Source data
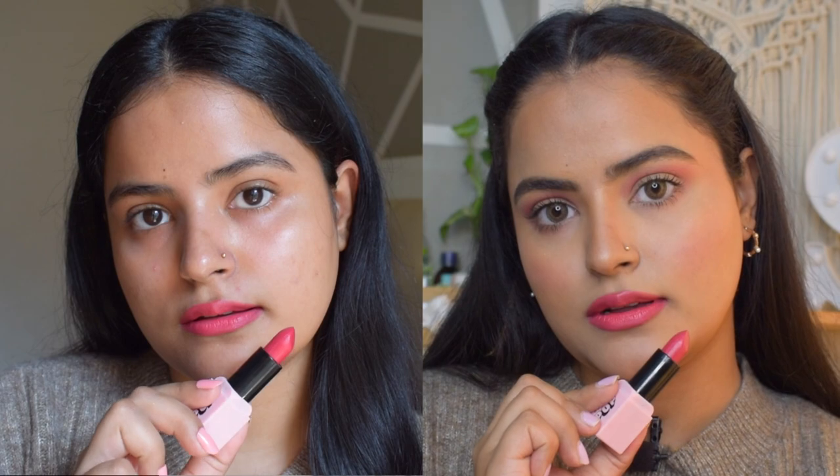This lipstick glides on really smoothly and has one-swipe pigment. You can see it has quite an opaque finish. It is not transfer-proof at all — it transfers quite a bit — but it doesn't claim to be one. It gives a satin matte finish so it has a little shine on it. It is very comfortable on the lips and not drying at all, so it is a good formula. You just need to keep it in your bag and keep retouching it.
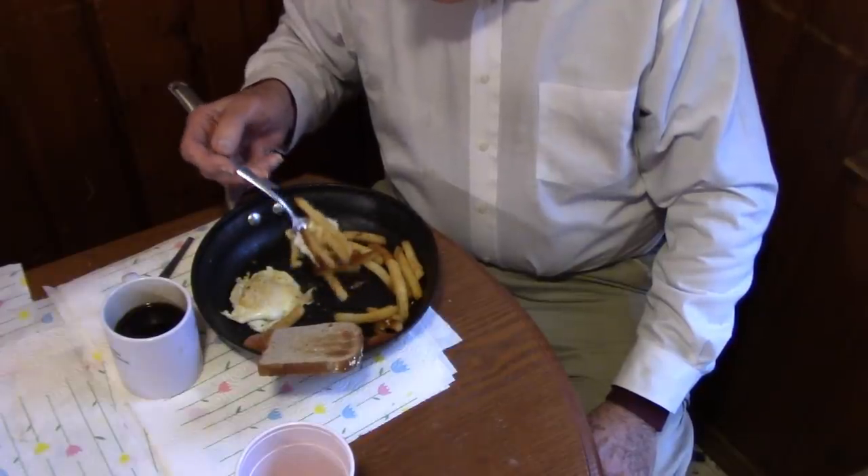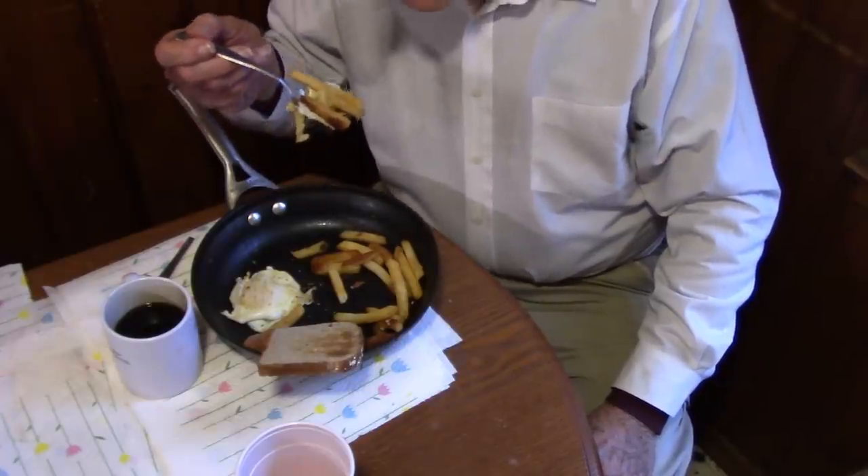This is a very good breakfast — I can highly recommend it. As I mentioned, it is vegetarian but not vegan. These French fried potatoes are good for breakfast.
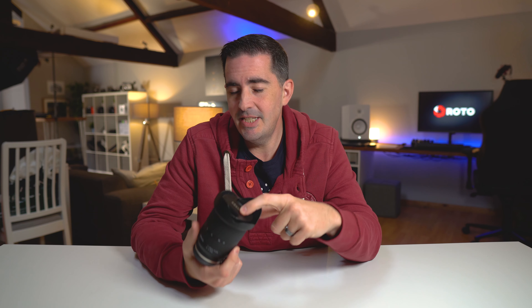This new lens is going to have the same 67mm filter thread, the same coating and moisture resistance, which is good. They're not saying it's fully weatherproof but you know you're going to get a bit of rain on it. It's going to be compatible with all the Sony benefits like fast eye autofocus and face detection. The practicality of having the 25mm equivalent — wide enough for most things — all the way up to 105mm for fantastic portraits is going to be amazing.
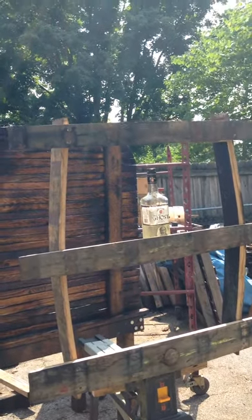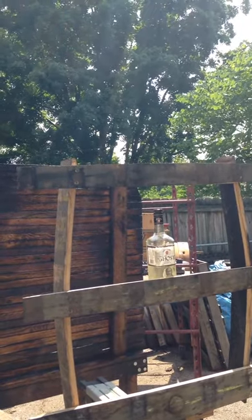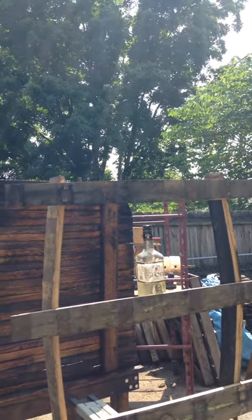This is Ken here out in the workshop again, working with bourbon barrel staves. Made a bottle holder this morning. This will hang on the wall — it'll hold 10 bottles comfortably, 14 if you push it.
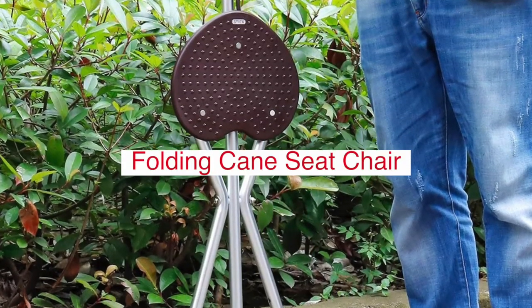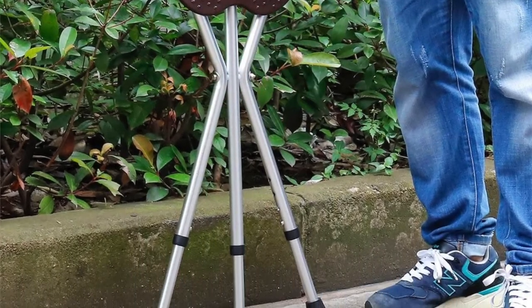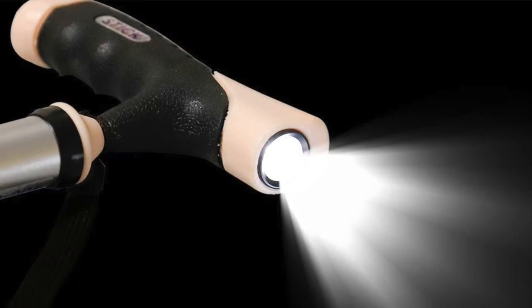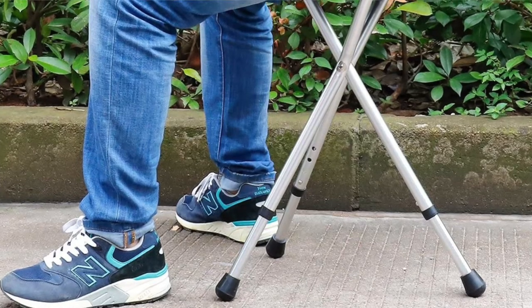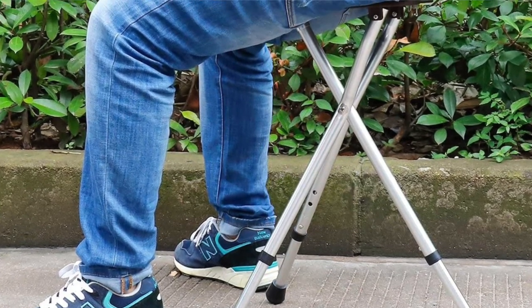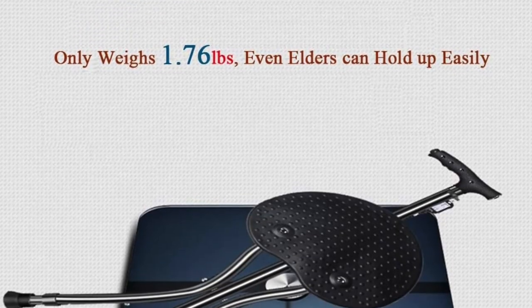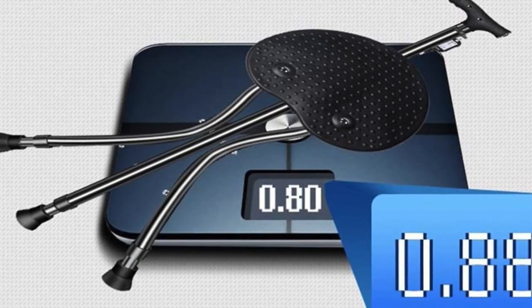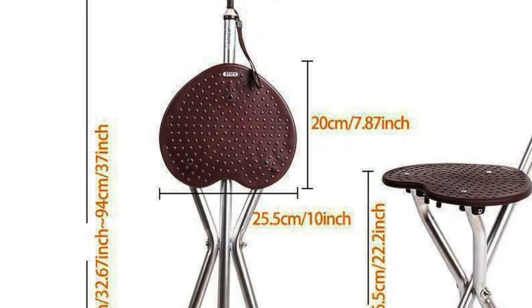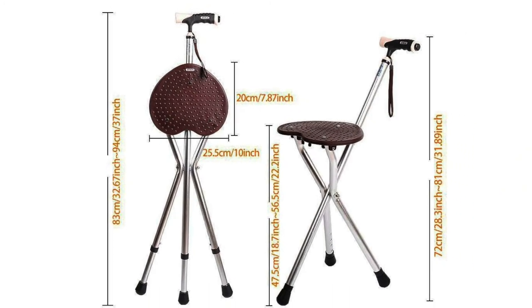The Folding Cane Seat Chair Adjustable Height Walking Stick with Seat Stool comes with a steady seat and a LED light. It is designed purely for convenience and can be used even at night. It comes in handy when stranded in an area without much light, as it can serve as both a walking stick and a flashlight, thanks to the two AA batteries included in the package. It has a solid aluminum frame and can carry up to 300 pounds of weight.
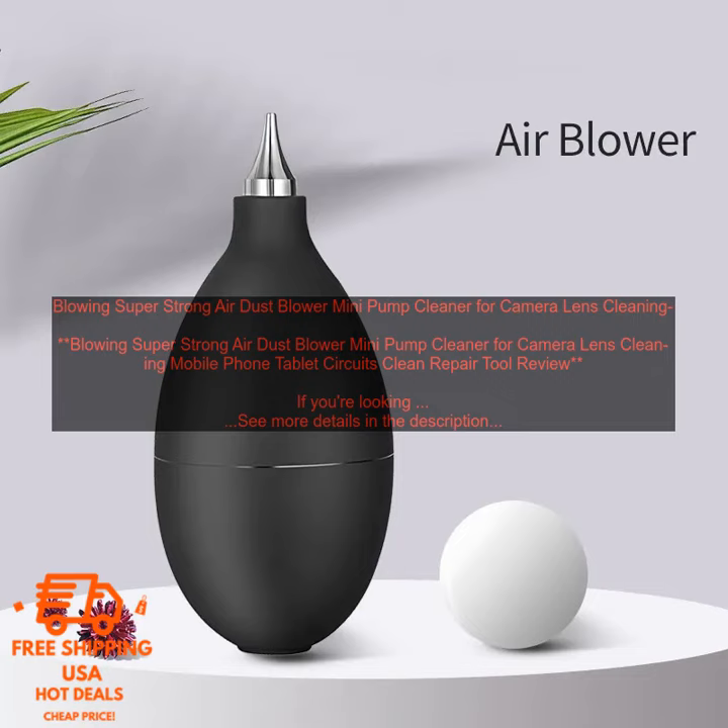This air blower is perfect for cleaning a variety of electronic devices, including cameras, laptops, tablets, smartphones, gaming consoles, printers, and other small electronic devices.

> **Your instructions**:
The answer must be the part of the records that opens with the line containing "This is a very" and closes with the line containing "This new lens", reproduced exactly, with no pictures.

> **Output of the exercise**:
This is a very good breakfast — I can highly recommend it. As I mentioned, it is vegetarian but not vegan. These French fried potatoes are good for breakfast.
This new lens is going to have the same 67mm filter thread, the same coating and moisture resistance, which is good. They're not saying it's fully weatherproof but you know you're going to get a bit of rain on it. It's going to be compatible with all the Sony benefits like fast eye autofocus and face detection. The practicality of having the 25mm equivalent — wide enough for most things — all the way up to 105mm for fantastic portraits is going to be amazing.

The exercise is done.